Director / Sr. Aws Lead Solution Arch Resume
Indianapolis, IN
SUMMARY
- 17+ years of combined IT experience as a AWS Solution/Data Architect/Data Engineer for (DWBI/Cloud/Bigdata) using different set of ETL tools like AWS Glue (Python/Scala),PySpark API, Matillion for Redshift, Informatica Power Center/Cloud, Talend, AWS (EC2, S3, Glacier, Redshift, DMS,Dynamo DB, RDS, Postgres, SageMaker/ML, EMR, Data pipeline, SNS, SQS,SWF,VPC, AWS Snowball, Route53, ELB,Cloud Watch, CLI Config/Scrip, AMI, Athena, Elastic Search, Auto Scaling, CFT, IAM,AWS billing & Cost Management Device management, Sqoop, MSBI, (SSIS, SSAS) and OBIA/OBIEE 10 & 11G, Oracle, MS SQL Server, Teradata and Repository Database.
- Excellent Lead experience of AWS Arch, Cloud Engineering, Analytics/Data Scientists and DWBI teams to lead end - to-end multiple Cloud initiatives, Applications / Data Migration Projects, interpersonal / collaboration with other teams, involve project stakeholders for project Archicture design reviews / reusable framework model / best fit strategic solution discussions and ability to handle diverse situations of rapidly changing priorities.
- Master in creation of Cloud Architecture, including Private, Public and Hybrid architectures, IaaS, PaaS and SaaS models for any domain.
- Expert in AWS CLI script automation for EMR (end-to-end) and other AWS services and build Serverless Arch using Lambda (Boto3) and Step Functions.
- Thorough Competency Capability Build for new/multiple innovative technology framework strategic solutions for advance, ML, AI Analytics solutions and define the complete project life cycle for POCs, Prototype Design execution from Dev to Prod and open all communication channels for business stake holders with transparency on regular basis.
- Instrumental in building a digital transformations, building, architecting, solutions and roadmap to growth of practice and support sales, pre-sales teams on need basis to drive techno functional Solutions presentations at end clients / business stake holders and negotiations.
- Best practice solution for Bigdata applications like Hadoop (HDFS), SPARK(Python/Scala), EMR (optimize solutions) with minimal instance provision of resources to submit the different Scala jobs / step function and apply dependencies on step level functions for sequential and multiple Spark submit jobs for parallel step jobs runs.
- Experience in driving enterprise Cloud services adoption across a medium-to-large organization with proven success to handle homogenies / heterogeneous, Streaming and different type file formats for huge volumes.
- Identify continuous services improvement, automation areas and prepare strategy script which helps in automating manual tasks and improve service quality, reliability, durability and elasticity
- Expertise in analysis, design and development of ETL programs as per business specifications and assist in troubleshooting for complex business performance by specially Glue ETL /Custom Pyspark /Scala and in increase the DPU size upon on volume of source data and set the right properties at Glue UI/Designer.
- Experience in architecting, deploying and managing cost-effective and secure AWS environments, across multi-zones and regions, leveraging AWS services such as EC2, S3, RDS, VPC and extensive experience Architect and build Data lake in AWS S3 for Advance Analytica /ML, Athena Queries and build Object / hierarchy level Warehouse to main the lowest level of granularity on day to day ingest file into S3 Bucket
- SME for Technical and Architectural Informatica DW/BI Arch and Domain experience in Healthcare, Logistic, Life Science, Pharmacy, Clinical Trials, Telecom, Finance/Investment, Operations, process improvement and re-Engineering.
- Expert in build and design best fit industry Practices, company standards for security, compliance and risk while maintain system performance and availability.
PROFESSIONAL EXPERIENCE
Confidential - Indianapolis, IN
Director / Sr.
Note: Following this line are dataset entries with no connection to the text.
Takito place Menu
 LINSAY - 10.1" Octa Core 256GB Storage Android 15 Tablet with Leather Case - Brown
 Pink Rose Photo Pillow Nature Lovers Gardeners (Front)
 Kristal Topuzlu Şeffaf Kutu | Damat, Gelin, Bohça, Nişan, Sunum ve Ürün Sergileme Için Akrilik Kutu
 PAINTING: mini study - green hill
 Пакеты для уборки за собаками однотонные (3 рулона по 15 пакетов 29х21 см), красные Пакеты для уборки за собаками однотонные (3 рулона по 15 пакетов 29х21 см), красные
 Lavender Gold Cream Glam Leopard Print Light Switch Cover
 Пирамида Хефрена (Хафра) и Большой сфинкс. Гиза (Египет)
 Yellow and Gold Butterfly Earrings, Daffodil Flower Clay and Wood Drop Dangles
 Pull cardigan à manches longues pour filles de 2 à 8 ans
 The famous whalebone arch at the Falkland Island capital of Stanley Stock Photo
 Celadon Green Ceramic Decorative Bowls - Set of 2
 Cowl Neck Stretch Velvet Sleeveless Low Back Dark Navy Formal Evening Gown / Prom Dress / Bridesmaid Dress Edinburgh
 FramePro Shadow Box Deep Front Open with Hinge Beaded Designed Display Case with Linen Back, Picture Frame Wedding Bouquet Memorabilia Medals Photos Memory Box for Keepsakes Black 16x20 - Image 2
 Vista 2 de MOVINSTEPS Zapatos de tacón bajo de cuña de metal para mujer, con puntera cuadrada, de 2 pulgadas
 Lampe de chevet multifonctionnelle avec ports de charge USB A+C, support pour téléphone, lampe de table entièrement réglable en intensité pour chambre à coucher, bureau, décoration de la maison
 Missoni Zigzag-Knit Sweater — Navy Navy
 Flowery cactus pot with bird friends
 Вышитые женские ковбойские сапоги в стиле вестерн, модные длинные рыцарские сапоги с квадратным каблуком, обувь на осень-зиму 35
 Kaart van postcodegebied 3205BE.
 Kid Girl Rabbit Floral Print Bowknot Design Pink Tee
AWS Lead Solution Arch
Responsibilities:
- Build Data Lake architecture and Design S3 bucket structure, folders, partitions and articulate key Data Lake attributes, storage, ingestion, processing, and data security and define Right IAM policies as appropriate as per business users/ stake holders.
- Responsible for PySpark Frame work development for heterogeneous sources data extraction, design, build and maintain standard best cloud design patters across business entities to keep track of code consistency.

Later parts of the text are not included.